With pictures omitted, transcribe exactly the lines from the one containing "1PCS di Plastica" to the end of the records below.

__Supplied entries__.
__________________________________________________

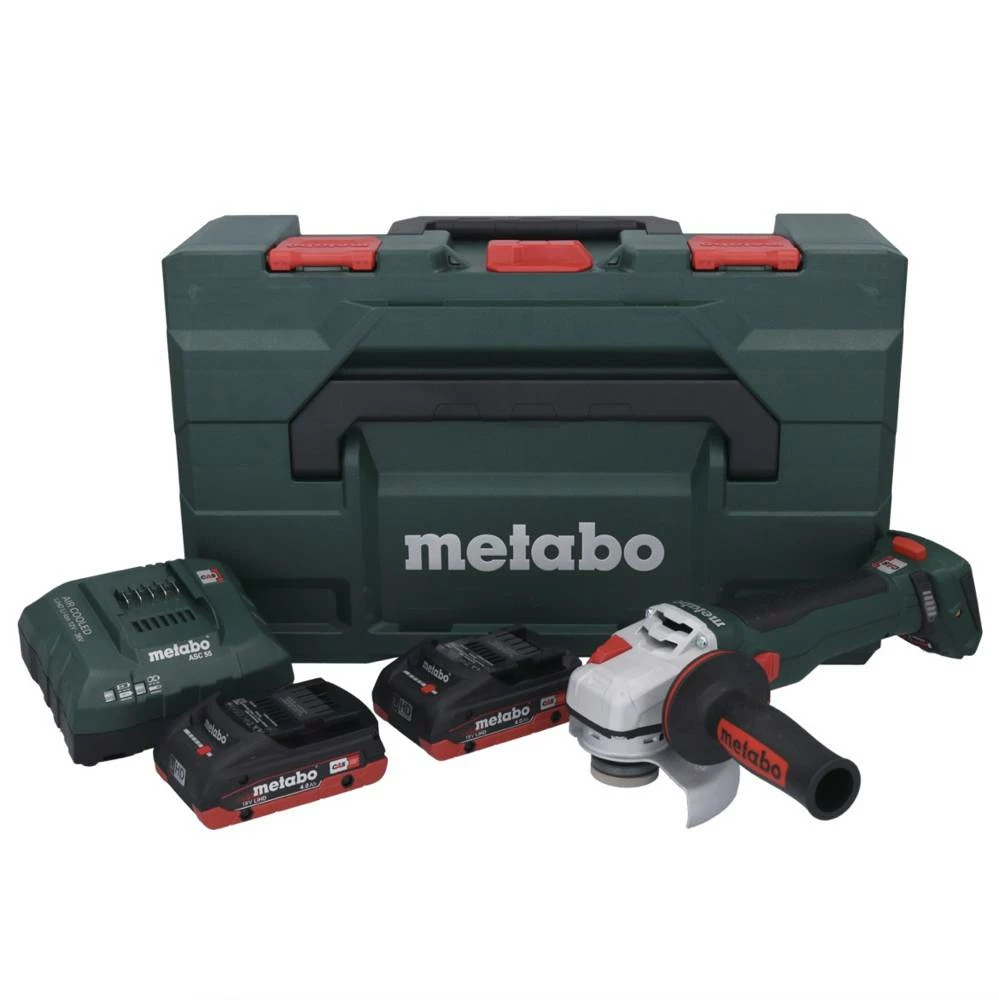 Metabo WB 18 LT BL 11-125 Quick Akku Winkelschleifer 18 V 125 Mm Brushless + 2x Akku 4,0 Ah + Ladegerät + MetaBOX 1 Metabo WB 18 LT BL 11-125 Quick Akku Winkelschleifer 18 V 125 Mm Brushless + 2x Akku 4,0 Ah + Ladegerät + MetaBOX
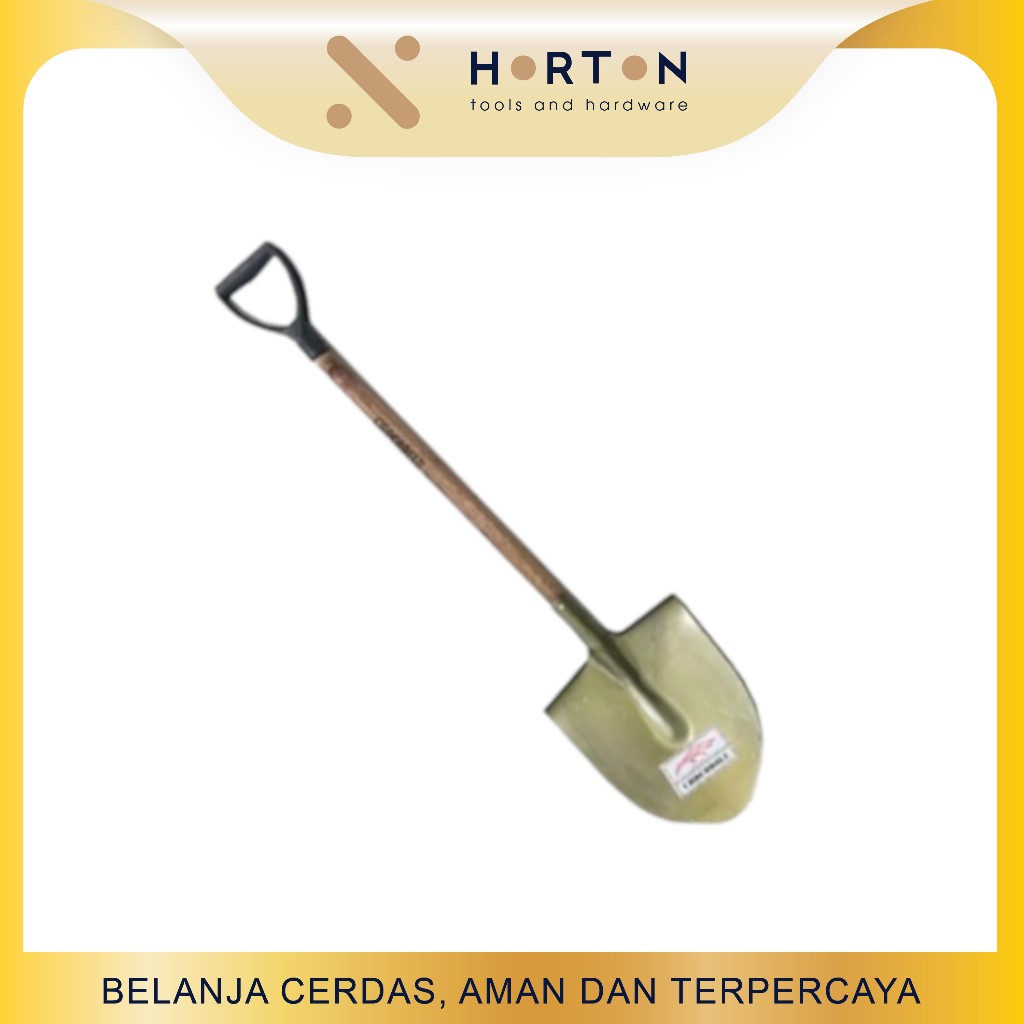 Sekop Lancip Baja Gagang Kayu  / Skop Pasir Gagang Kayu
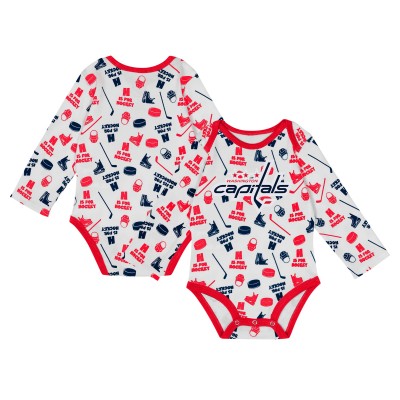 Малышам Washington Capitals White Quick Learner Long Sleeve Bodysuit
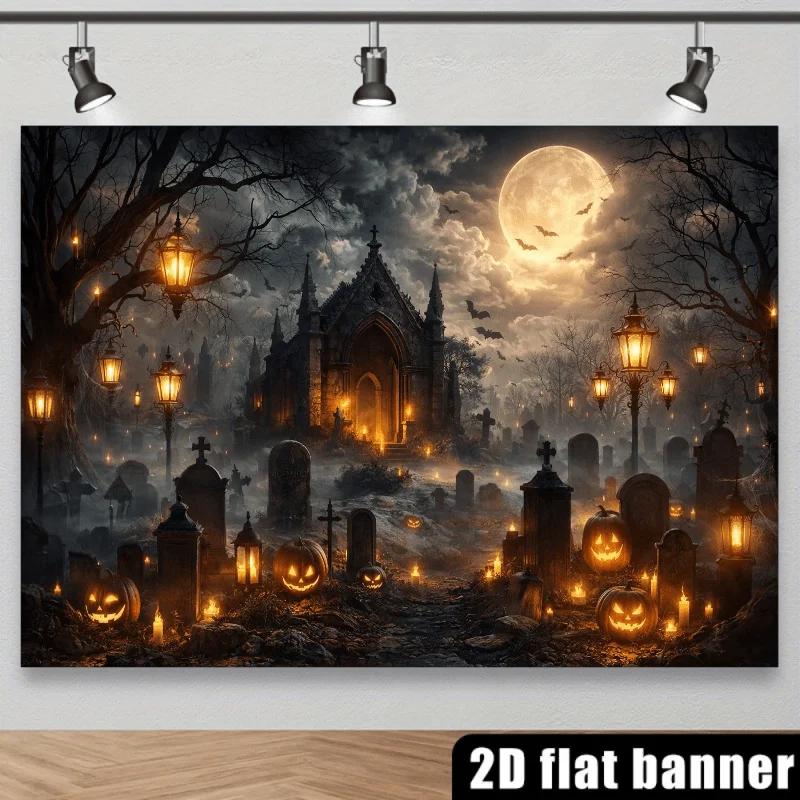 2D Planar Halloween-themed Background Fabric, Featuring Gothic Spired Castle, Full Moon, Dark Clouds, Bats, Tombstones,z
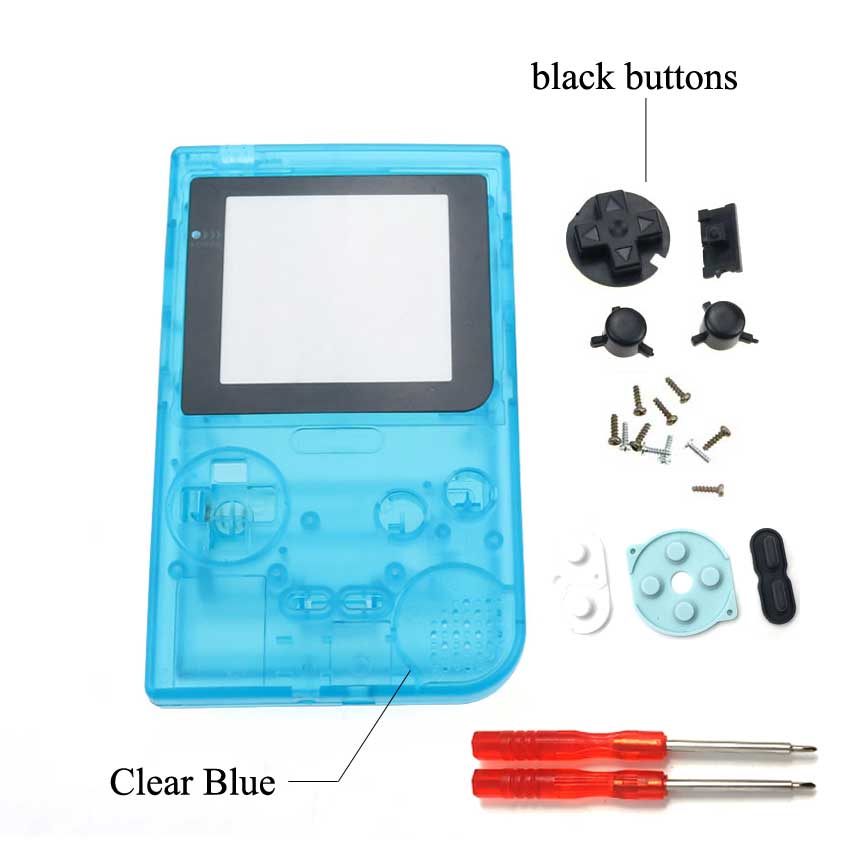 1PCS di Plastica Pieno di Caso Della Copertura Dell'alloggiamento per Gameboy Pocket Console di Gioco per GBP Borsette Caso W/Bottoni Kit pad in gomma A Vite Driver: L Clear Blue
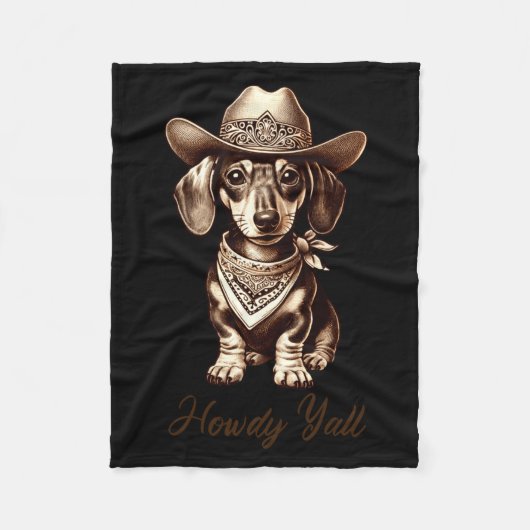 Dachshund Cowboy Cute Sausage Dog Cowboy Weiner Pu フリースブランケット (正面)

__________________________________________________

__Response__.
 1PCS di Plastica Pieno di Caso Della Copertura Dell'alloggiamento per Gameboy Pocket Console di Gioco per GBP Borsette Caso W/Bottoni Kit pad in gomma A Vite Driver: L Clear Blue
 Dachshund Cowboy Cute Sausage Dog Cowboy Weiner Pu フリースブランケット (正面)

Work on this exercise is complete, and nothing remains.